Now, suppose that X can occur with probability .8 and Y has probability of .2. We multiply the first unit/column with .8 and second with .2 so that the joint distribution breaks down into

1 * .8 + 1 * .2 = 1 * (.8 +.2) = 1 * 1 = 1 = 1 * .8 + 1 * .2 = (.4 + .6) * .8 + (.5+.5)/5 = (.32 + .48) + (.1 + .1)
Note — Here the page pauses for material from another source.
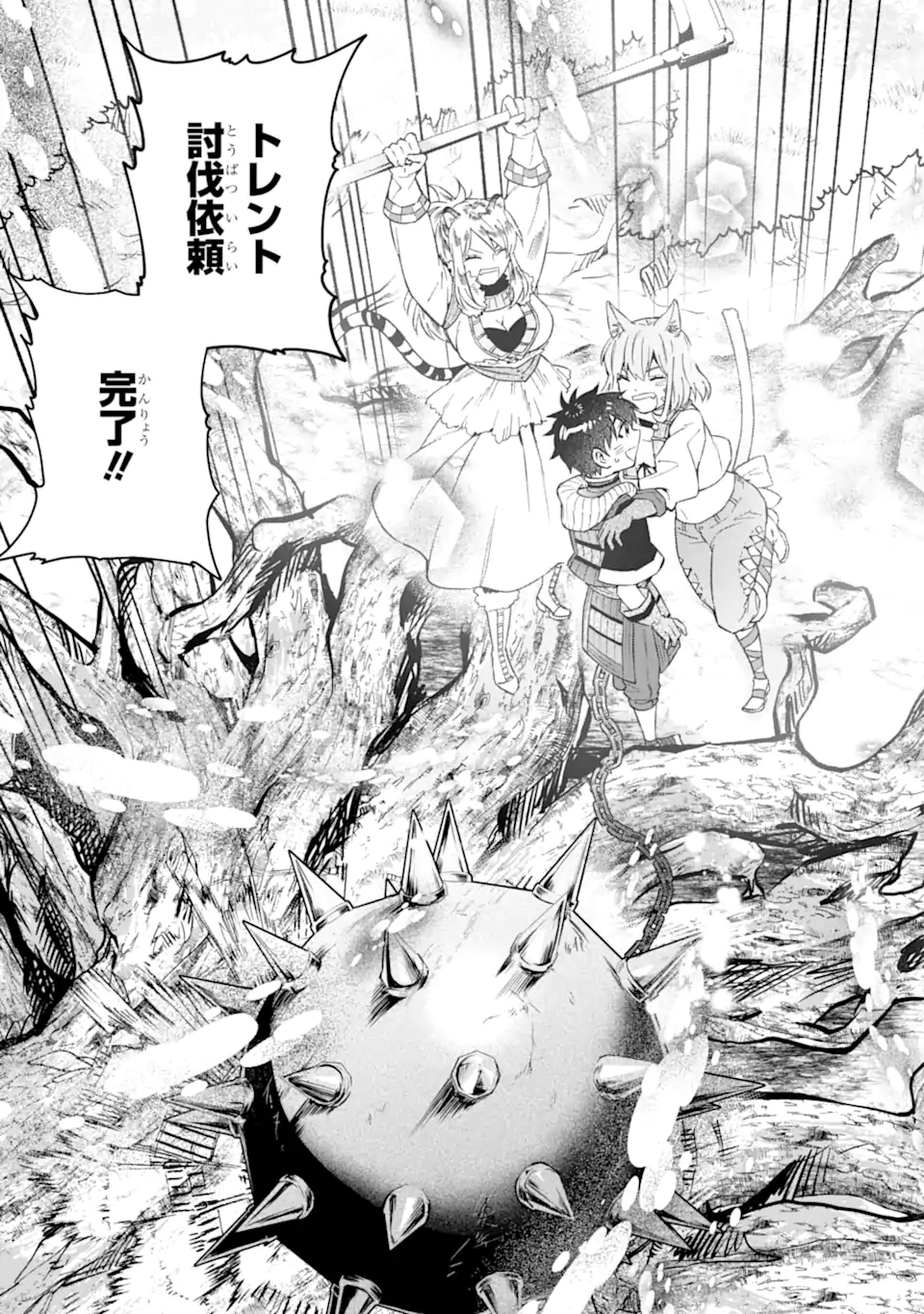 Kami-tachi ni Hirowareta Otoko Chap 62.2 - Next Chap 63.2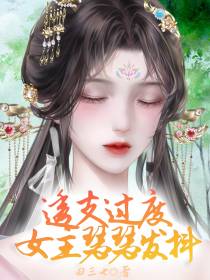 透支过度,女主瑟瑟发抖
where first parenthesis is a sum of event probabilities under X and .1 + .1 are probabilities under event Y

This can be represented again by matrix again

${\begin{matrix}&X|_{P(X)}&Y|_{P(Y)}\\A&P(A\land X)&P(A\land Y)\\B&P(B\land X)&P(B\land Y)\end{matrix}}\quad =\quad {\begin{matrix}&X|_{P(X)}&Y|_{P(Y)}\\A&P(X\land A)&P(Y\land A)\\B&P(X\land B)&P(Y\land B)\end{matrix}}\quad =\quad {\begin{matrix}&X|_{.8}&Y|_{.2}\\A&.32&.1\\B&.48&.1\end{matrix}}$

Note that columns now add up to .8 and .2 correpsondingly whereas all table adds up to .8+.2 = 1. We have got a 2-dimensional distribution of probability. In every cell we have the joint probability of pair of events occurring, e.g. P(A∩X) = .32. The probability of conjunction A∩X is less than the probability of components (A|X) and X alone because probability under X, probability of every column, added up to 1 in the conditional probability table but it adds to P(X) ≤ 1 in the joint distribution table.
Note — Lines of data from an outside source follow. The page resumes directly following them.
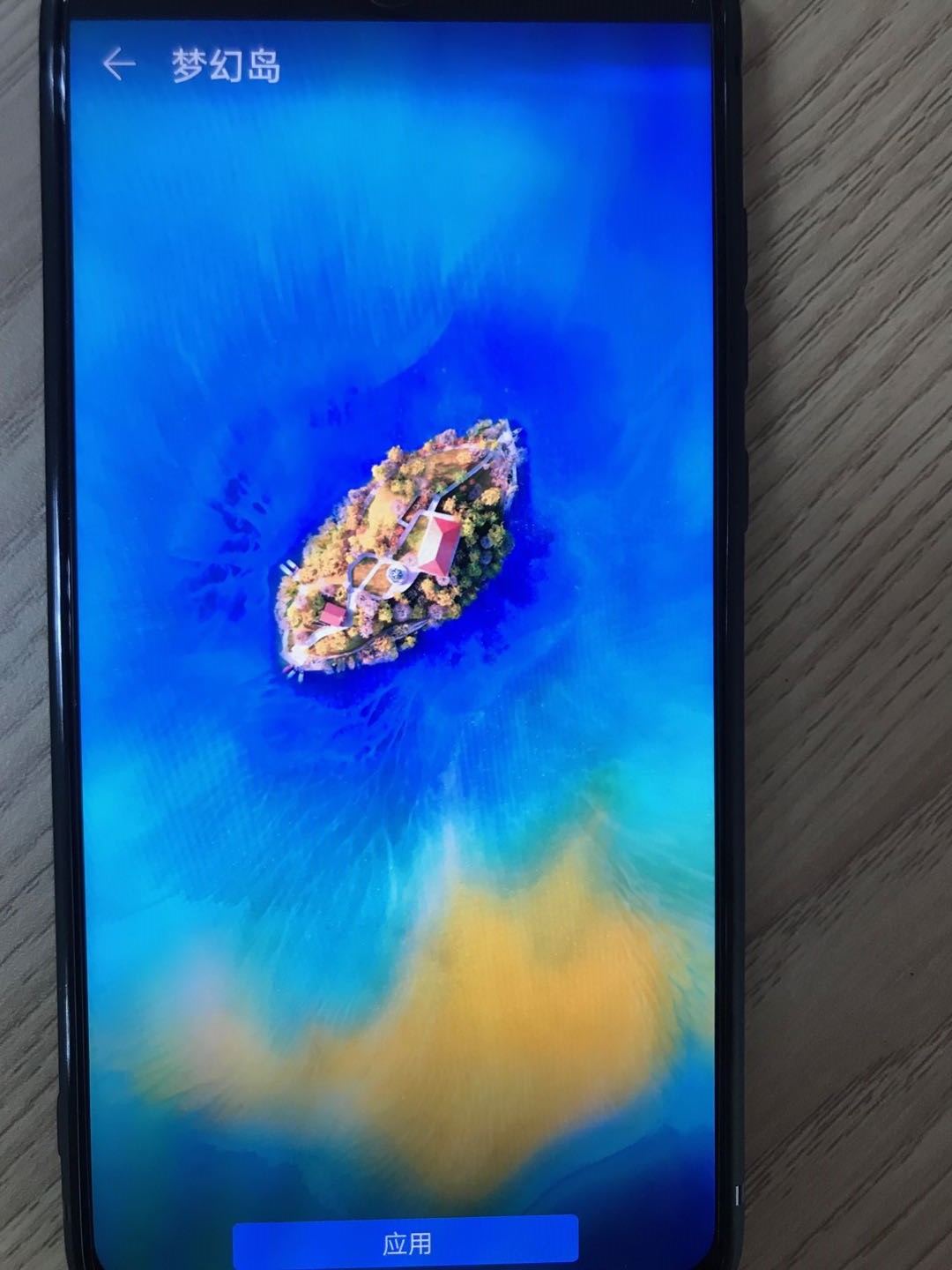 MATE20屏幕色彩问题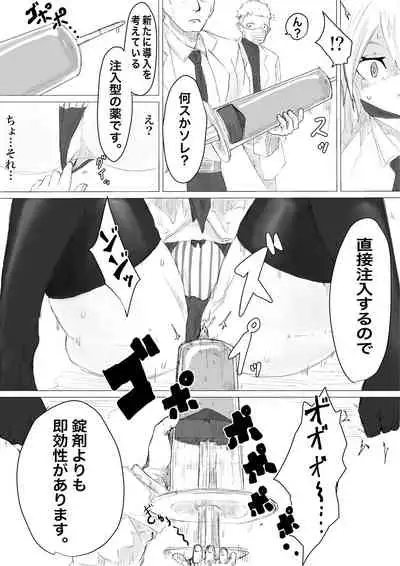 End of life clinical trial monitor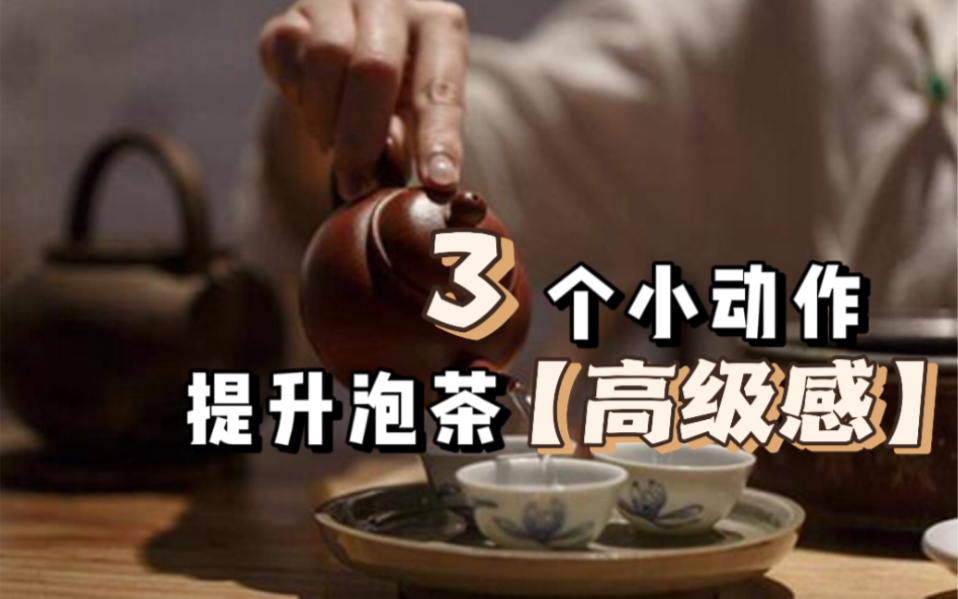 如何让你的泡茶动作「更高级」?只要做好3个小细节!看完就会~从此泡茶美美哒❤️哔哩哔哩bilibili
This fact, that column $P(A_{1}\land X_{i})+P(A_{2}\land X_{i})+\ldots =P(X_{i})$ adds up to marginal probability of the column X_i, that is a probability that randomly drawn event ends up in the column i, enables us to recover the conditional probabilities. We just need to divide every $P(A_{j}\land X_{i})$ in the column i by P(X_i):

{\begin{bmatrix}P(A|X)\\P(B|X)\end{bmatrix}}={\begin{bmatrix}P(A\land X)\\P(B\land X)\end{bmatrix}}{1 \over P(X)}={\begin{bmatrix}.32\\.48\end{bmatrix}}{1 \over .8}={\begin{bmatrix}.4\\.6\end{bmatrix}}

The relationship

P(A\land X)=P(X)\cdot P(A|X)

is a basis for famous w:Bayes' theorem $P(X)\cdot P(A|X)=P(A)\cdot P(X|A)$ because we can symmetrically condition the probabilities within the rows by probabilities of observing the rows:

{\begin{bmatrix}(.32+.1)/p_{a}\\(.48+.1)/p_{b}\end{bmatrix}}={\begin{bmatrix}1\\1\end{bmatrix}}={\begin{bmatrix}(.32+.1)/.42\\(.48+.1)/.58\end{bmatrix}}={\begin{bmatrix}.76+.24\\.83+.17\end{bmatrix}}={\begin{bmatrix}P(X|A)+P(Y|A)\\P(X|B)+P(Y|B)\end{bmatrix}}

That is, conditional probability P(X|A) = .76.